Does your business require customers to agree to a “terms of service”? Run this incredibly illegal “INFINITE LENGTH CONTRACT” idea by your legal department! They will be impressed with your legal acumen.

Background:

Many web sites require a user to agree to a long and incomprehensible “terms of service” before they can use the site.

Since these contracts are dozens (or hundreds) of pages, everyone just scrolls to the end and clicks “AGREE.” (See two examples in Figure 1).
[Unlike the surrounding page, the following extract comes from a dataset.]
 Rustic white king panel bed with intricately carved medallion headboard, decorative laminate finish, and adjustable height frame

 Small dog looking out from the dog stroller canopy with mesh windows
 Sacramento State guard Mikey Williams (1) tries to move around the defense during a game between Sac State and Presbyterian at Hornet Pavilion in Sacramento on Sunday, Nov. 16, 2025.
While you’d think that a company could slip in some secret contract clauses somewhere (e.g. “you agree to give up your first-born child to MegaCo Inc.”), this isn’t usually feasible—someone will EVENTUALLY find these clauses and cause a public relations disaster.

legalese
Fig. 1: Left: a relatively short contract that fits on one page. Right: a longer contract that no one will ever read.

Proposal:

Here is a secret method for putting totally unreasonable terms into a contract and preventing the user from being able to read them.

The secret is: the contract is literally INFINITE in length, so no one can read it all!

Details: the terms of service operates as follows (see Figure 2):

  • The first N pages are the real contract.
  • After the real contract is over, additional pages are randomly generated with legally-valid but meaningless legalese.
  • The contract has no scroll bar, so the user has no idea how long the contract is.
  • To accept the contract, the user clicks the “scroll to end and accept” button.
  • Thus, anyone who accepts the contract cannot have read the whole thing, since it is infinitely long.

Using this dirty trick, when a user has agreed to the contract after reading M pages, the company that wrote the terms of service can simply start putting the super-unreasonable contract terms on page M+1 and beyond.

 

legalese-infinity
Fig. 2: The “infinite contract” looks almost exactly like a real contract, except that there is no scroll bar or indication of how many pages the contract has. (This is because new randomly-generated “legalese” pages are created whenever the user clicks the “next page” button, so the user can never legitimately scroll to the end.)

Conclusion:

The only downside to this plan is that it is almost certainly totally illegal in every jurisdiction.

PROS: Would probably be an interesting “future law school textbook case” if it were ever tested in court.

CONS: You will probably go to prison if you implement this idea.